*** Opening Task inputs ***
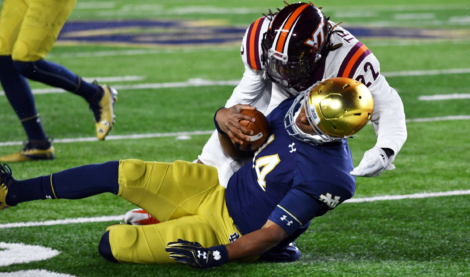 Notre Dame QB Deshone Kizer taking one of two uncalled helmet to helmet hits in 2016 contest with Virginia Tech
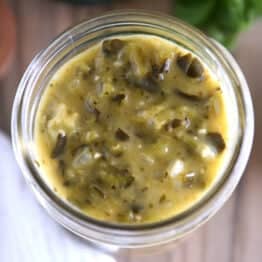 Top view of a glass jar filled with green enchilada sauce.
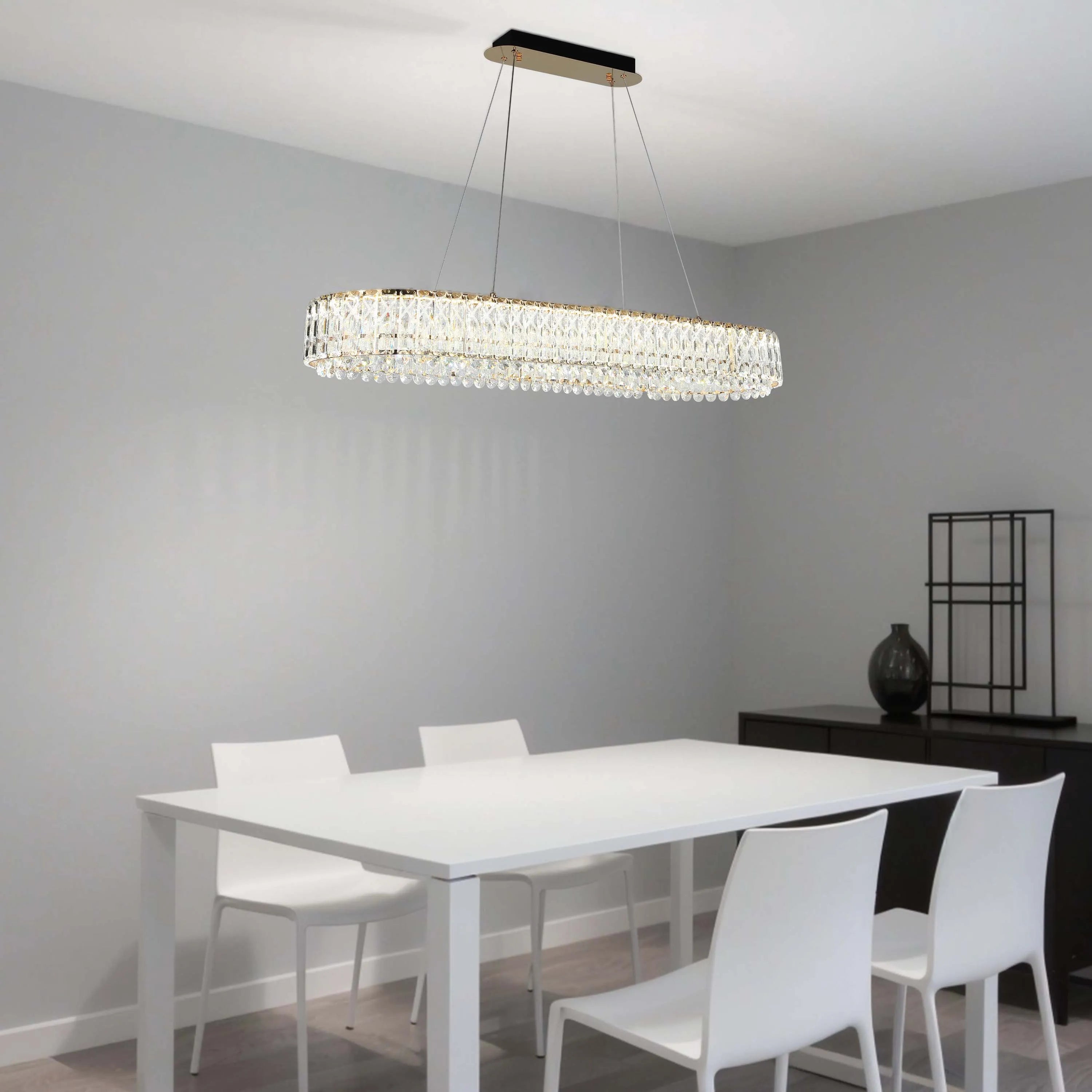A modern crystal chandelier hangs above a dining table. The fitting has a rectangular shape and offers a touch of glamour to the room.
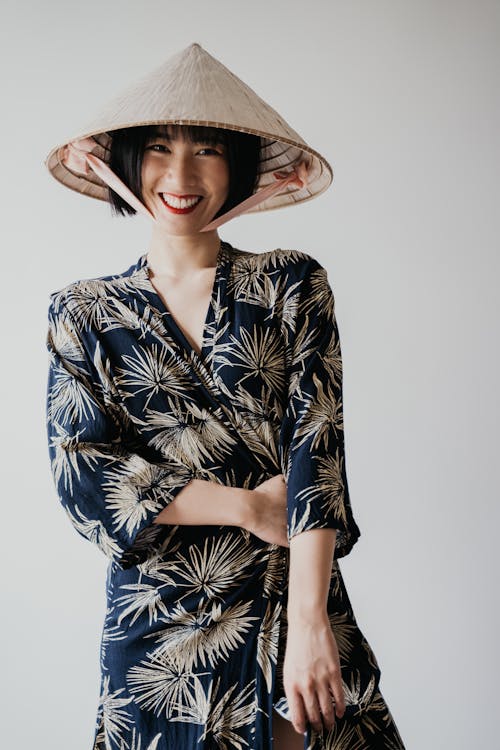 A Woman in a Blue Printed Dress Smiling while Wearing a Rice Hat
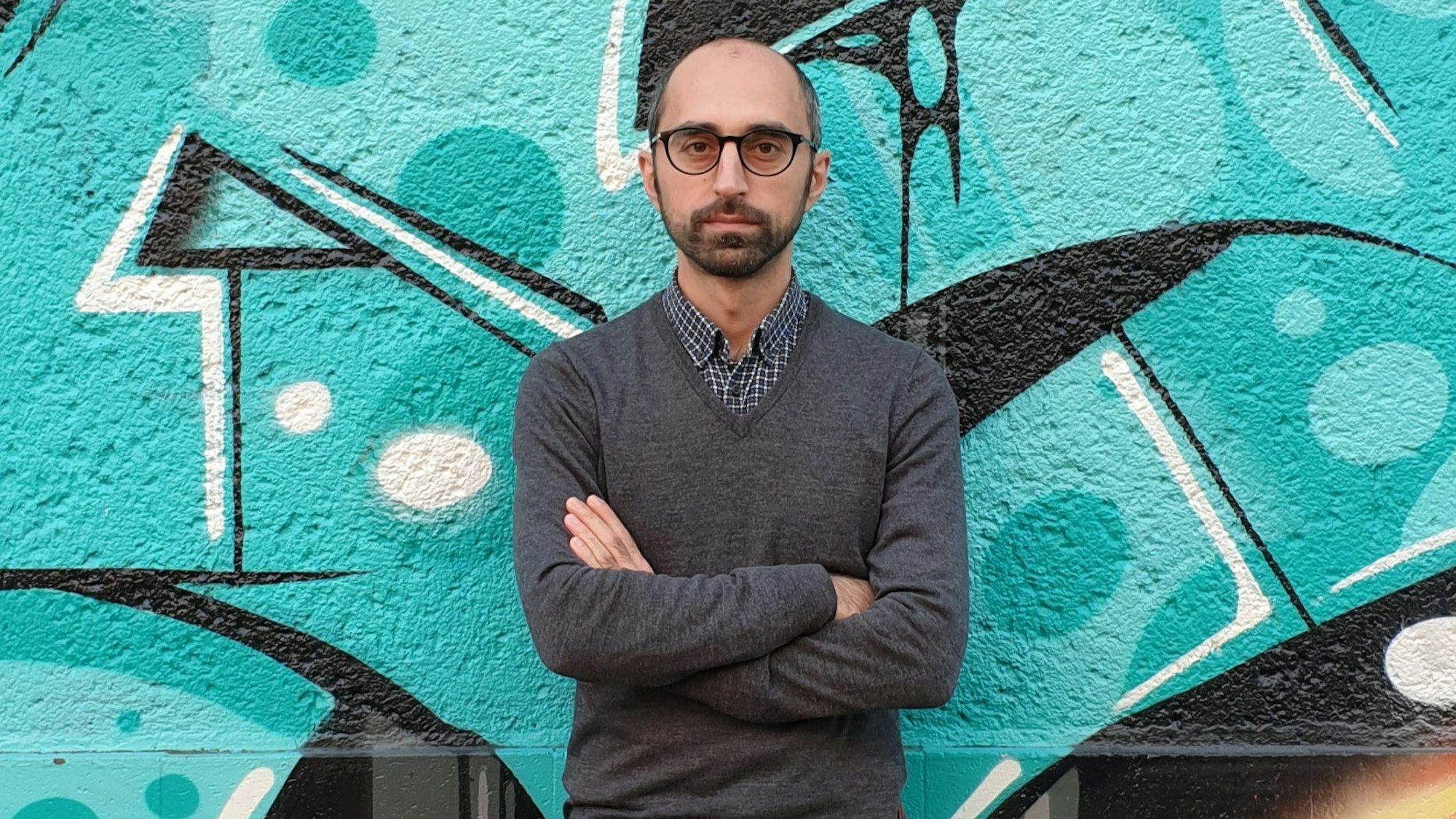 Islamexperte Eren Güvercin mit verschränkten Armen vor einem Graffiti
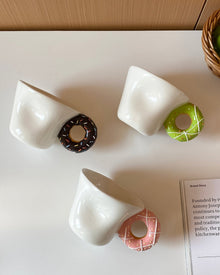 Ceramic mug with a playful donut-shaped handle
*** Closing Task inputs ***
*** Opening Task inputs ***
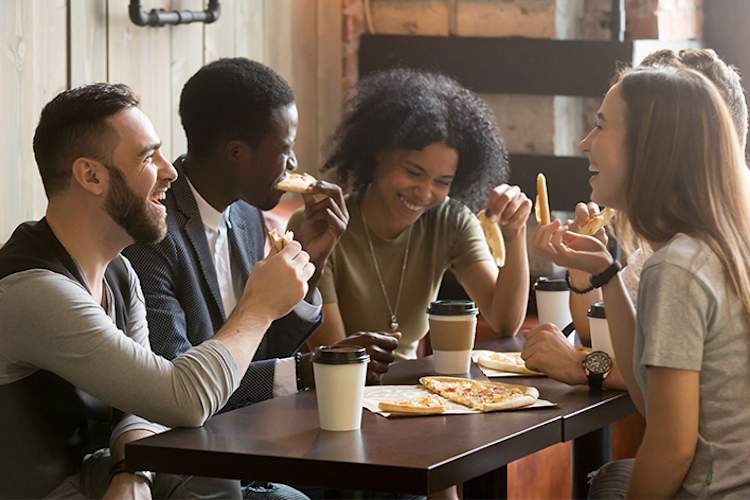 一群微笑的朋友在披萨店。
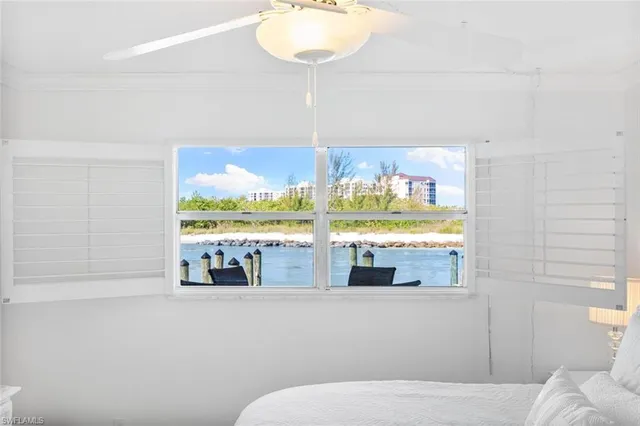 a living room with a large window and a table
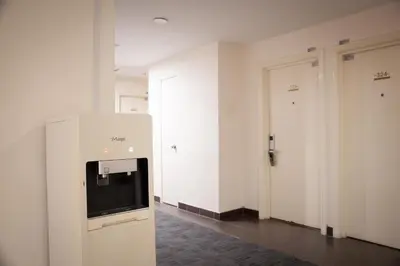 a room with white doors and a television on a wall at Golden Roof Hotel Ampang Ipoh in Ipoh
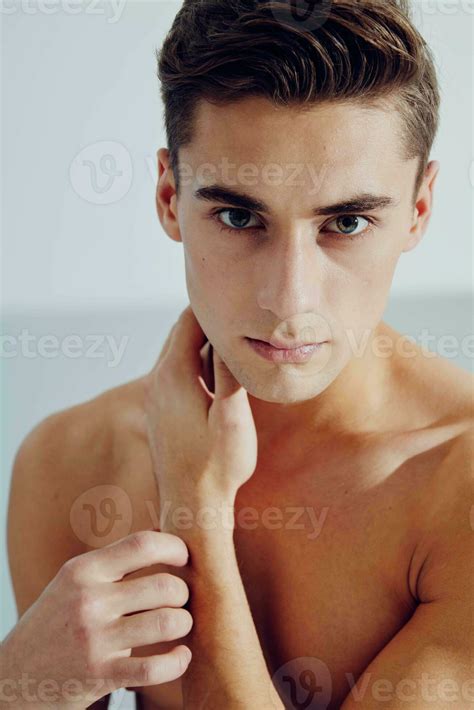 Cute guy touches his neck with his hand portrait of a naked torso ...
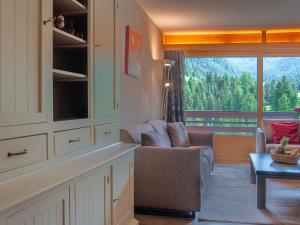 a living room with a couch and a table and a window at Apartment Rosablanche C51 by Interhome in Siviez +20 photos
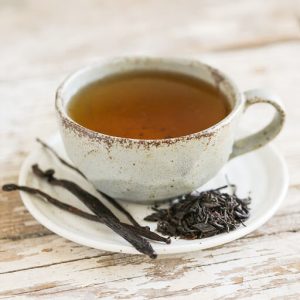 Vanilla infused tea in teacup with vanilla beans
*** Closing Task inputs ***
- **What this task involves**: Copy word for word only the lines above from the one with "Islamexperte Eren Güvercin" through the one with "Ceramic mug with". Leave pictures out.

- **Written solution**:
 Islamexperte Eren Güvercin mit verschränkten Armen vor einem Graffiti
 Ceramic mug with a playful donut-shaped handle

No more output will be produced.